[Data under study — start]

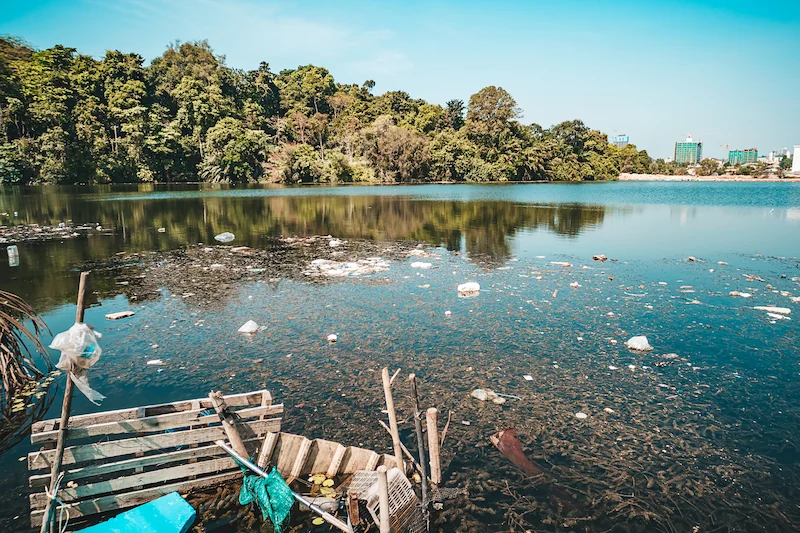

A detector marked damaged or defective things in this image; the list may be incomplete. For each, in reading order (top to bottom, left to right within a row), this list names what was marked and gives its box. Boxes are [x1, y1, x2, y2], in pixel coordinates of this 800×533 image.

broken wooden plank [32, 390, 272, 432]
broken wooden plank [28, 420, 282, 470]
broken wooden plank [32, 406, 284, 442]
broken wooden plank [28, 472, 241, 524]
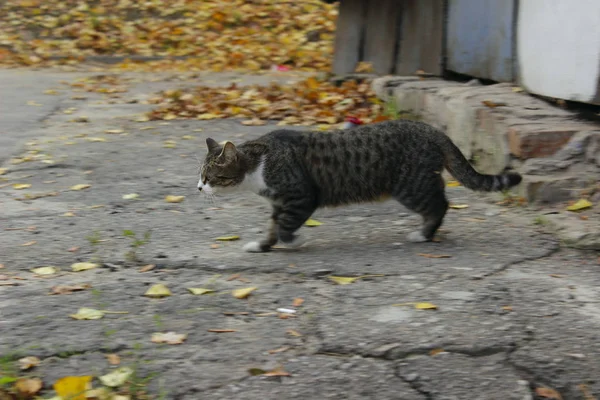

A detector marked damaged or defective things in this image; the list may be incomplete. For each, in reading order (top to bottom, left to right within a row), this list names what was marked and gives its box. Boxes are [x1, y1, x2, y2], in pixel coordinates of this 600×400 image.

rusty metal sheet [446, 0, 516, 81]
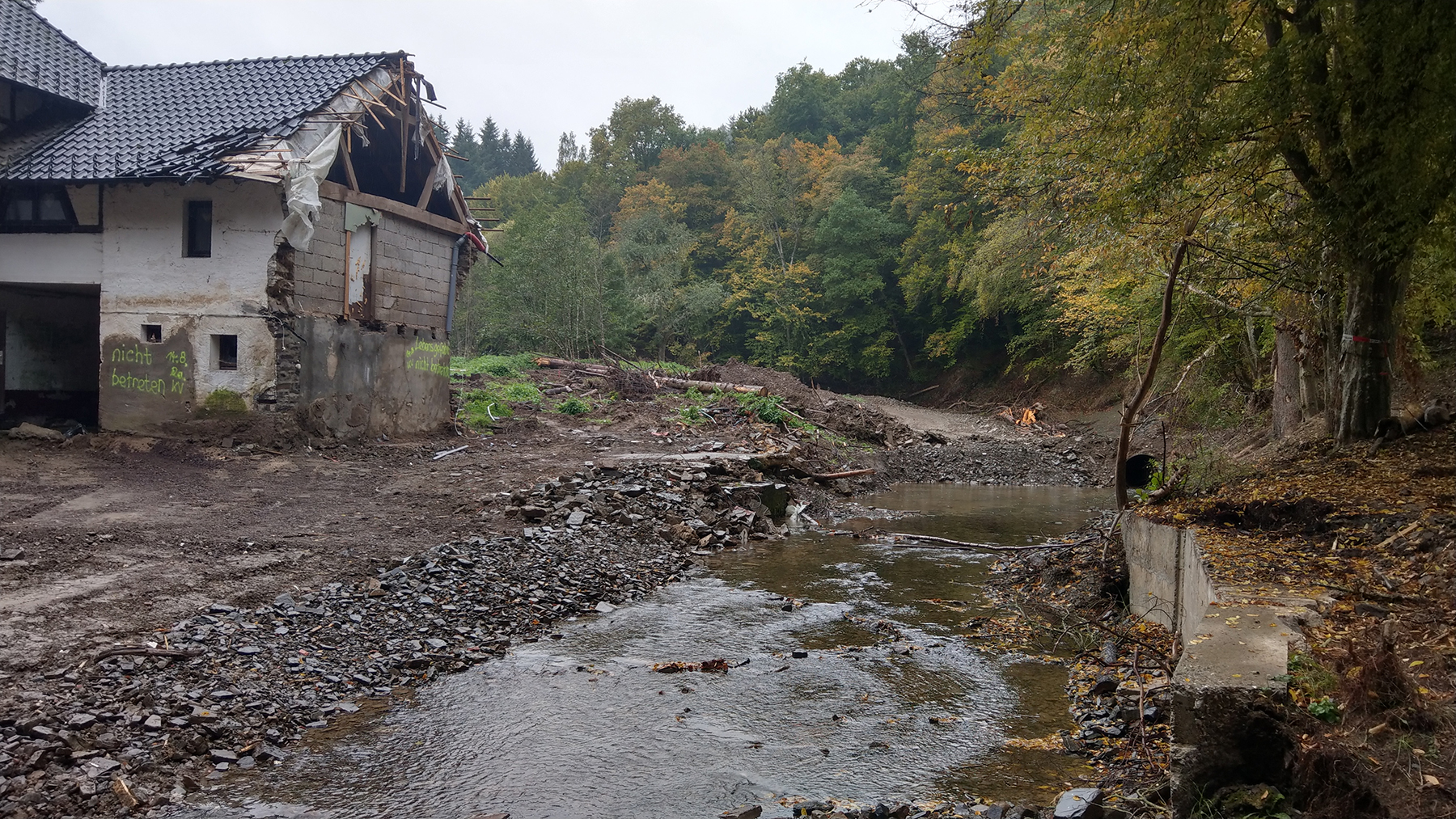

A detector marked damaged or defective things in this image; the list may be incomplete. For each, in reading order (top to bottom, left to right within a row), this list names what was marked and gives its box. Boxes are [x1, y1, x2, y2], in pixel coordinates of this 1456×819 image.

damaged house [0, 2, 489, 439]
broken gutter pipe [442, 232, 466, 334]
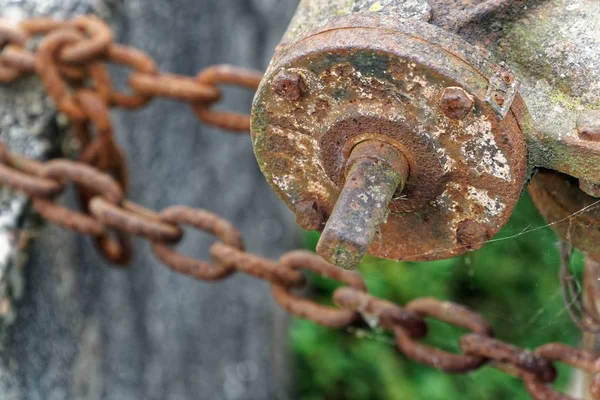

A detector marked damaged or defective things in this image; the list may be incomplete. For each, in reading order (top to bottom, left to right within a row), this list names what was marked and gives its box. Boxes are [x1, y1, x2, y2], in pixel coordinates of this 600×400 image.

corroded bolt [274, 69, 308, 100]
corroded bolt [440, 86, 474, 119]
rusted machinery [250, 0, 600, 270]
corroded bolt [576, 110, 600, 141]
corroded bolt [294, 200, 326, 231]
corroded bolt [316, 140, 410, 268]
corroded bolt [458, 219, 490, 250]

[Data under study — finish]

__Problem__.
No picture belongs in the answer; the rest of the records must be repeated exactly.

__Your solution__.
A detector marked damaged or defective things in this image; the list may be incomplete. For each, in reading order (top to bottom, left to right within a row), this list names what was marked and gives its box. Boxes are [x1, y1, x2, y2], in pixel coordinates of this 800×533 image.

broken wooden plank [32, 390, 272, 432]
broken wooden plank [28, 420, 282, 470]
broken wooden plank [32, 406, 284, 442]
broken wooden plank [28, 472, 241, 524]

A detector marked damaged or defective things in this image; the list may be incomplete. For each, in reading order (top to bottom, left to right within a row), this list names what was marked and gives its box. Boxes are [x1, y1, x2, y2], in pixel coordinates of this 600×400 image.

rusty metal sheet [446, 0, 516, 81]

A detector marked damaged or defective things in this image; the list may be incomplete. For each, in reading order (top to bottom, left to right within a row), this list names what was marked and gives its box. Boxes are [x1, y1, x2, y2], in pixel coordinates of this 1456×819 image.

damaged house [0, 2, 489, 439]
broken gutter pipe [442, 232, 466, 334]

A detector marked damaged or defective things in this image; the list may be incomplete. For each, in reading order (top to bottom, left to right within a row), this list names what was marked and gives its box. Boxes are [x1, y1, x2, y2], in pixel coordinates of this 600×400 image.

corroded bolt [274, 69, 308, 100]
corroded bolt [440, 86, 474, 119]
rusted machinery [250, 0, 600, 270]
corroded bolt [576, 110, 600, 141]
corroded bolt [294, 200, 326, 231]
corroded bolt [316, 140, 410, 268]
corroded bolt [458, 219, 490, 250]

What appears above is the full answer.